= Damien Bona =

Damien Conrad Bona (March 18, 1955 – January 29, 2012) was an American film historian, writer, film critic and journalist. Bona co-authored the 1986 reference book, "Inside Oscar: The Unofficial History of the Academy Awards," a definitive history of the Academy Awards with Mason Wiley, a former classmate at Columbia University. In 1982, Bona quit his job as a Manhattan lawyer and moved to Los Angeles, where he and Wiley embarked on extensive research to write a reference guide to Oscar history from the first ceremony in 1929. Much of the research was conducted at the Academy of Motion Picture Arts and Sciences library in Beverly Hills, California. The two missed their original publication deadline of November 1982. They submitted the final copy two years later with updates on the 1985 Academy Awards. Co-author Wiley died of Aids in 1994. Bona was the sole author of the book's sequel, "Inside Oscar 2," which was released in 2002 and covered the Academy Awards from 1995 through 2000.
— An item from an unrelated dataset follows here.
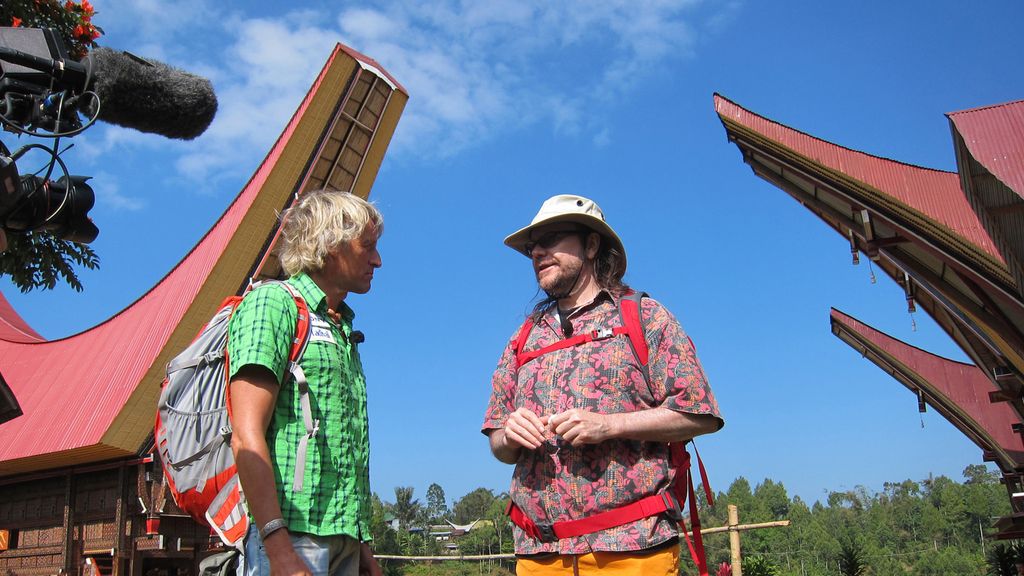 Segura y Calleja se adentran en la isla de Sulawesi (Indonesia)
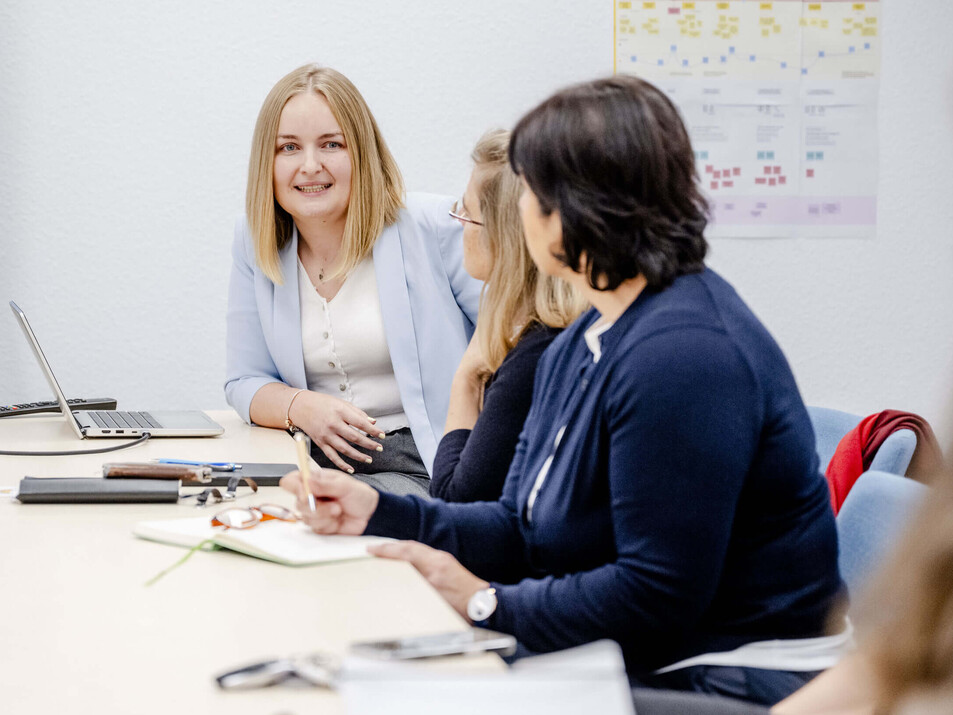 Frauen diskutieren in Meeting-Situation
Bona was born March 18, 1955 during a heavy snow storm in Sharon, Connecticut, and raised in New Milford. He graduated from the Portsmouth Abbey School in 1973. He earned a bachelor's degree in English in 1977 from Columbia University, where he worked as a film critic for the university newspaper, the Columbia Daily Spectator. He earned a law degree from the New York University School of Law in 1980. He worked as a lawyer in Manhattan for two years before resigning and temporarily moving to Los Angeles where he and Mason Wiley began researching their book on the Academy Awards. After their research in Los Angeles, both Bona and Wiley moved back to New York City.

Bona is the author of two other books, "Opening Shots: The Unusual, Unexpected, Potentially Career Threatening First Roles That Launched the Careers of 70 Hollywood Stars" (1994) and "Starring John Wayne as Genghis Kahn: Hollywood's All-Time Worst Casting Blunders" (1996).

After suffering sudden cardiac arrest on January 14, 2012, Bona died from its complications in Manhattan on January 29, 2012, at the age of 56.